The Meeting is scheduled to occur on October 27, 2017. If all necessary approvals are obtained, the Transaction will likely be completed on December 4, 2017.
Will shareholders incur any sales charges in connection with the Reorganization?
Holders of Class A shares of the MidCap Fund will not be assessed a sales charge on their receipt of the Small Cap Fund Class A shares in connection with the Transaction. No CDSC will be charged to the MidCap Fund’s shareholders in connection with the exchange of their shares pursuant to the terms of the Transaction.
Will the redemption procedures and exchange privileges change as a result of the Reorganization?
Each Fund offers the same redemption features pursuant to which redemption proceeds are remitted by check after prompt receipt of proper documents, including signature guarantees under certain circumstances.
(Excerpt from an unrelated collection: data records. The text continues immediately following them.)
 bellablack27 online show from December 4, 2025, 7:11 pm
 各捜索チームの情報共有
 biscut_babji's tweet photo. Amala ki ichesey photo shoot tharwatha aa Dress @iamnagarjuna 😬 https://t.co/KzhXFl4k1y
Each Fund has the same exchange privileges. You can exchange shares between most Franklin Templeton funds within the same class, generally without paying any additional sales charge.
What happens if the Transaction is not approved?
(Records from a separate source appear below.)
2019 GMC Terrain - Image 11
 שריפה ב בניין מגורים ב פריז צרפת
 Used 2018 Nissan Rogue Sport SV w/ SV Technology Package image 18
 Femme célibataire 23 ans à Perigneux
If the Transaction is not approved by the MidCap Fund’s shareholders or does not close for any reason, such shareholders will remain shareholders of the MidCap Fund, and the MidCap Fund will continue to operate. The Board then will consider such other actions as it deems necessary or appropriate, including possible liquidation, for the MidCap Fund.
What are the federal income tax consequences of the Transaction?
The Transaction is intended to qualify as a tax-free reorganization for federal income tax purposes, and the delivery of a legal opinion to that effect is a condition of closing the Transaction, although there can be no assurance that the Internal Revenue Service will adopt a similar position. Shareholders should consult their tax adviser about state and local tax consequences of the Transaction, if any, because the information about tax consequences in the Prospectus/Proxy Statement relates only to the federal income tax consequences of the Transaction.
THE BOARD OF TRUSTEES UNANIMOUSLY RECOMMENDS A VOTE “FOR” THE PROPOSAL
PHONE: | To cast your vote by telephone with a proxy specialist, call the toll-free number found on your proxy card. Representatives are available to take your voting instructions Monday through Friday 9:00 a.m. to 10:00 p.m. Eastern Time. |
MAIL: | To vote your proxy by mail, check the appropriate voting box on the proxy card, sign and date the card and return it in the enclosed postage-paid envelope. |
TOUCH-TONE: | To cast your vote via a touch-tone voting line, call the toll-free number and enter the control number found on your proxy card. |
INTERNET: | To vote via the Internet, go to the website on your proxy card and enter the control number found on the proxy card. |
Proxy Materials Are Available Online At: www.proxyonline.com/docs/FTproxy
NAME OF FUND | CUSIP | CLASS | TICKER |
Franklin MidCap Value Fund | 355 148 818 | A | FMVAX |
Franklin MidCap Value Fund | 355 148 792 | C | FMVCX |
Franklin MidCap Value Fund | 355 148 784 | R | FMVRX |
Franklin MidCap Value Fund | 355 148 776 | Advisor | FMVZX |
Note: Capitalized terms used herein and not defined herein are used with the meanings given them in the MidCap Fund’s Prospectus/Proxy Statement.
AST Fund Solutions, LLC is mentioned on pages 8 and 38 of the proxy statement.
The expenses of entering into and carrying out the provisions of the Plan shall be borne as follows: each Fund will pay 25% of the costs of the Reorganization. Franklin Advisory Services, LLC, the investment manager for each Fund, will pay 50% of the costs of the Reorganization.